In my own State of Maryland, 382 bridges out of the 4,889 total bridges in the State are structurally deficient. 47 of the structurally deficient bridges in the State are on the National Highway System, of which at least 6 are located in my District according to the Federal Highway Administration.
These statistics, which I believe are simply stunning in this the richest country in the world, point to the important reality that even if the National Bridge Program Chairman Oberstar has proposed is enacted – as I believe it should be – as large as it will be, it will not address the full backlog of structurally deficient bridges in our nation.
Further, adequate maintenance of our existing infrastructure is only half of the challenge we face in ensuring that our nation’s transportation network meets our nation’s mobility needs.
The roads and transit systems we built in the 1950s and 1960s brought us where we are today – but we have failed to recognize that the system that served us 40 years ago is not adequate to serve the nation we have become.
The total number of vehicles on our roadways is projected to increase from 246 million at the present time to an estimated 400 million by 2055 – and these vehicles are expected to travel some 7 trillion vehicle miles in that year.
Due to the anticipated growth in the number of vehicles on the road, the Federal Highway Administration estimates that 90 percent of urban Interstates will exceed the traffic capacity they were built to carry by 2020 – just 13 years from now.

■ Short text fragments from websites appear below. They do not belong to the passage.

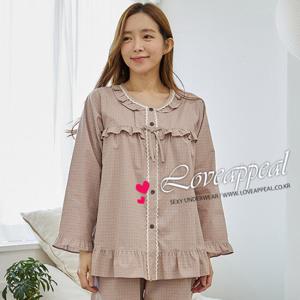 [러브어필] 국산 선염 체크면 베이지 캐주얼 여자잠옷(WC9583)
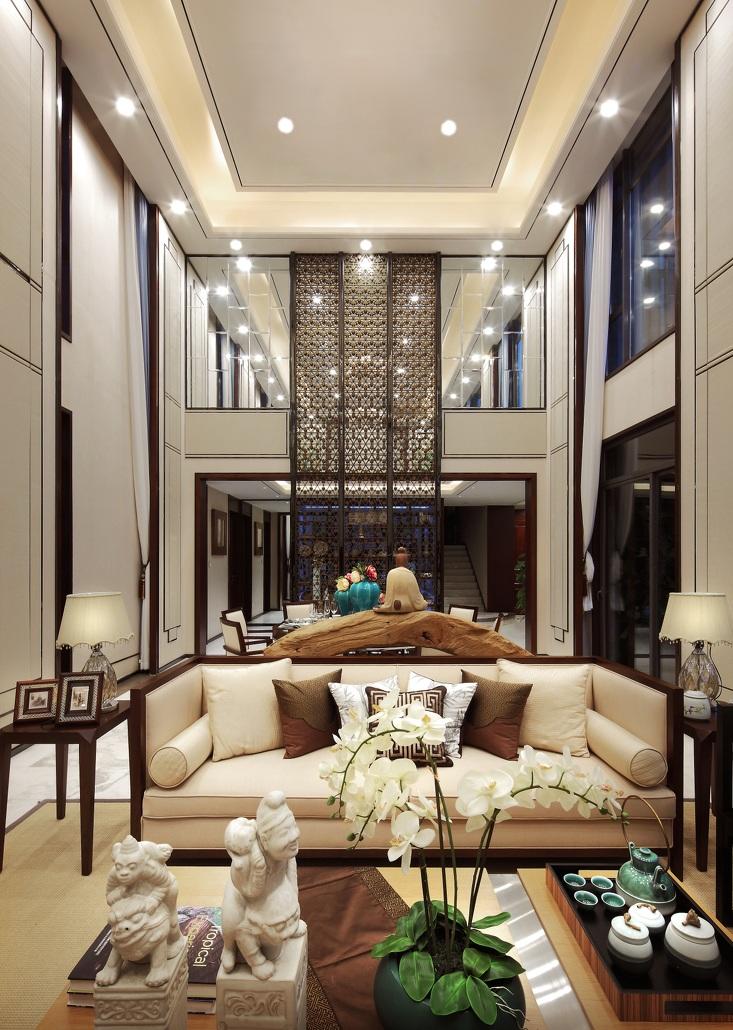 时尚新古典别墅挑高客厅设计欣赏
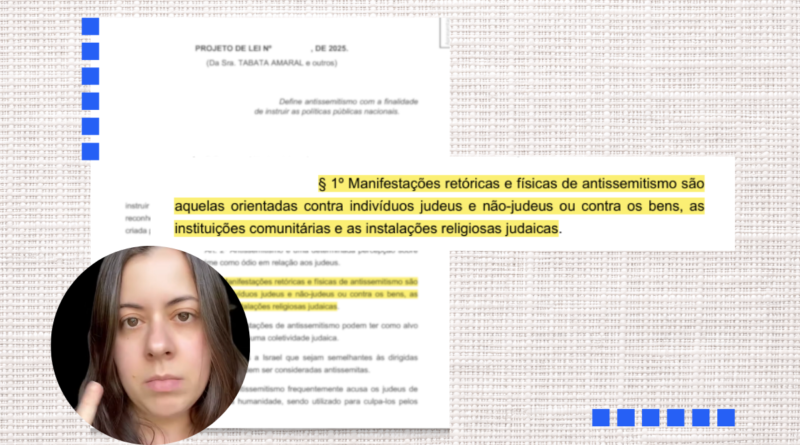 Sâmia critica projeto de Tabata que combate o antissemitismo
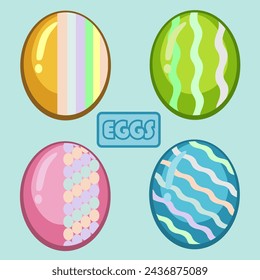 Pastel-colored eggs with mixed patterns and colors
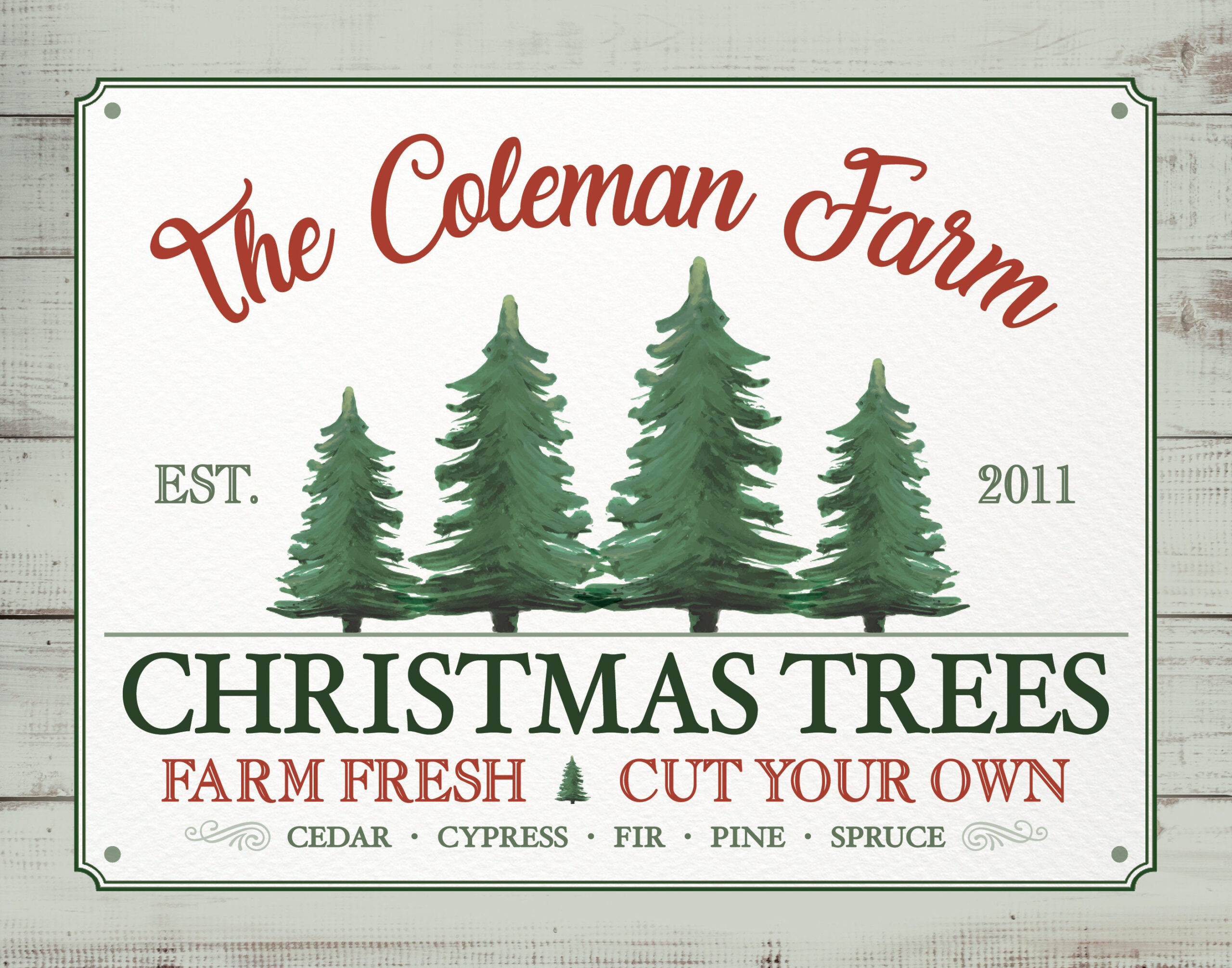 Christmas Tree Farm Printable 11&amp;quot; X 14&amp;quot;, Christmas Wall Decor in Christmas Tree Farm Printable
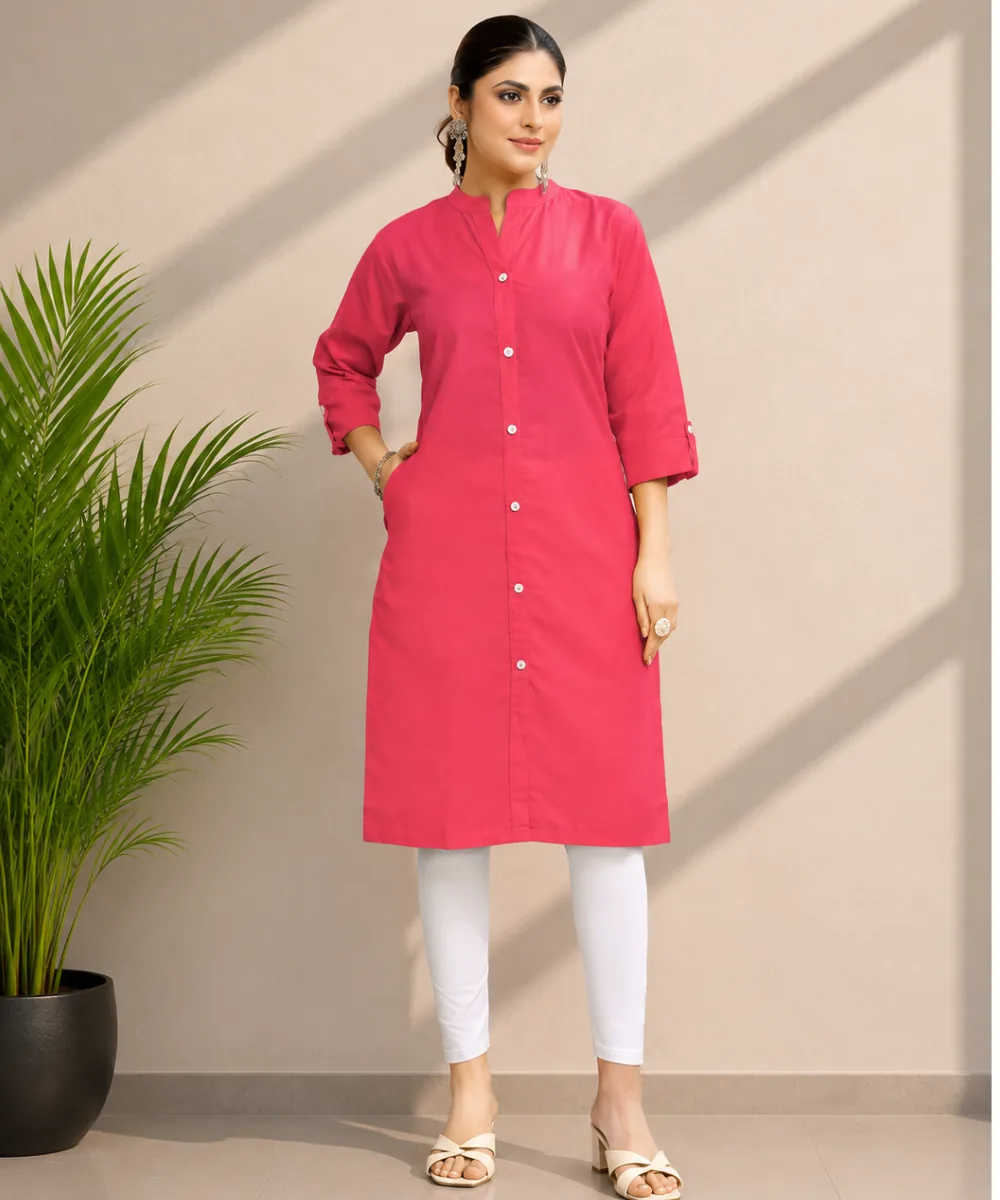 Pink Magic Cotton Kurti - DK-275-09 wholesale Short Kurti / 1 Piece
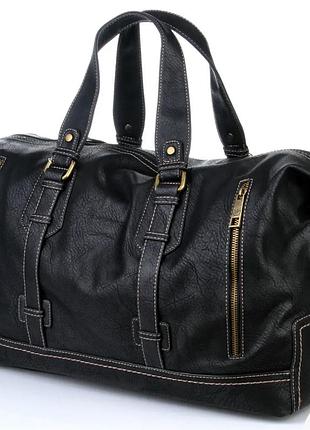 Чоловіча дорожна сумка саквояж david jones (7920) чорна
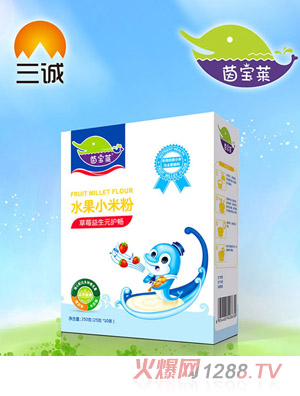 茵宝莱草莓益生元护畅水果小米粉盒装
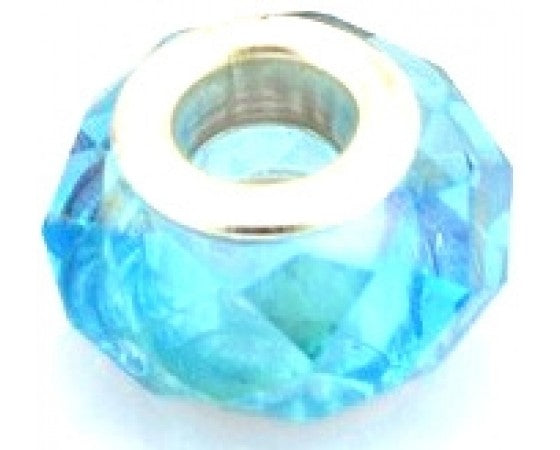 Glass - Rondelle (Faceted) (European Style) - 14mm x 9mm - 1 piece - AB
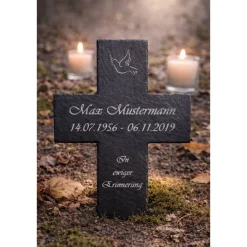 Online Schieferkreuz 30x20cm personalisiert – Gedenkkreuz mit Wunschgravur als Grabschmuck für Urnengrab & Baumgrab Gedenksteine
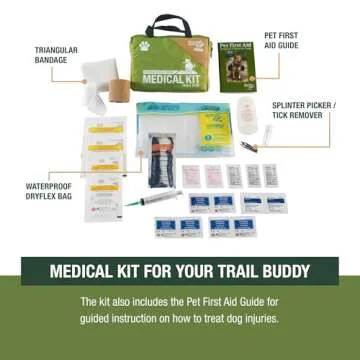 Adventure Medical Kits Trail Dog Medical Kit - Pet First Aid Kit with Dressings, Bandages, Instruction Manual & Tools - Lightweight, Compact Dog Safety Pack
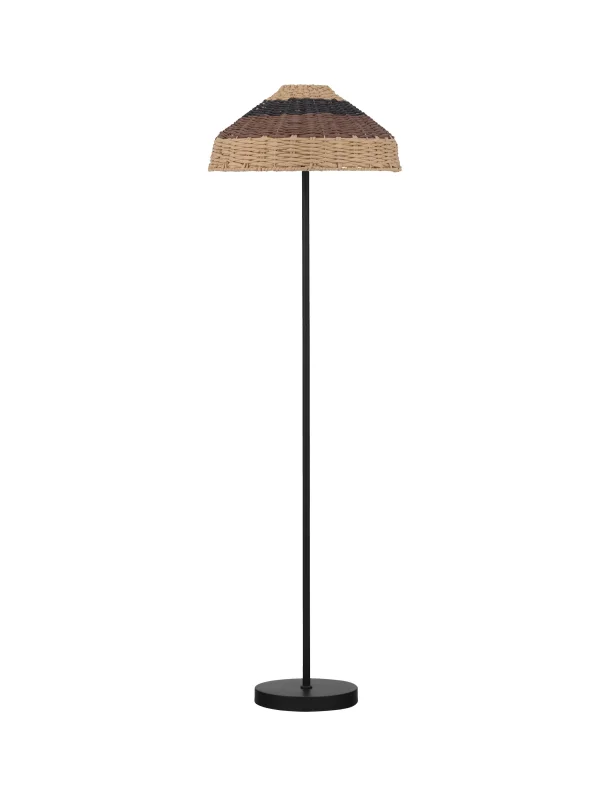 Nova Luce Caro - lampadaire - Ø 46 x 147,5 cm - noir, brun naturel et noir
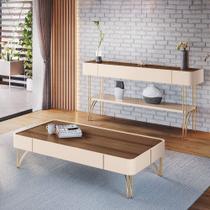 Conjunto Aparador Decorativo MDP/MDF e Mesa de Centro Vivant/Cadenza Off White/Castanho G26 - HB Móveis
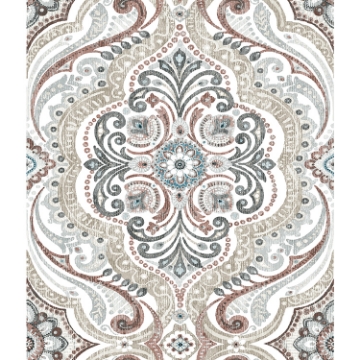 Picture of Bohemian Damask Peel and Stick Wallpaper - Red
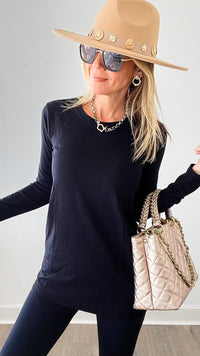 Anniston Crew Neck Long Sleeve T-Shirt - Black-130 Long Sleeve Tops-Zenana-Coastal Bloom Boutique, find the trendiest versions of the popular styles and looks Located in Indialantic, FL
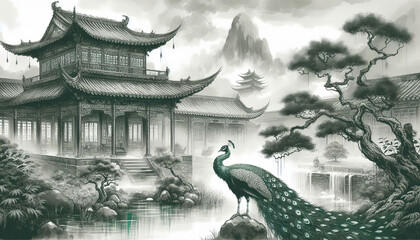 An oriental traditional peacock in ink wash painting with an ancient courtyard, landscape painting, Asian mythology, traditional architecture, black and ink green, and muted colors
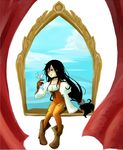  1girl bird black_hair boots brown_eyes catsuit choker female final_fantasy final_fantasy_ix garnet_til_alexandros_xvii hanimitsu indoors long_hair outdoors singing sky solo very_long_hair window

Unfortunately, pennies will not fill the gaps that are now opening in our transportation network.
Maintaining and expanding our transportation network will require billions of dollars more than our current revenue structures are generating.
More importantly, however, expanding investments in our nation’s infrastructure will require the will and the commitment to refuse to allow our nation to chip and peel and droop and collapse below our very feet.
Just as a national commitment spearheaded the creation of the Interstate, we need to recommit to the value of investing in our nation – and we need to commit to the idea that infrastructure is a public good.
I again applaud Chairman Oberstar for his commitment to strengthening our national infrastructure and I yield back the balance of my time.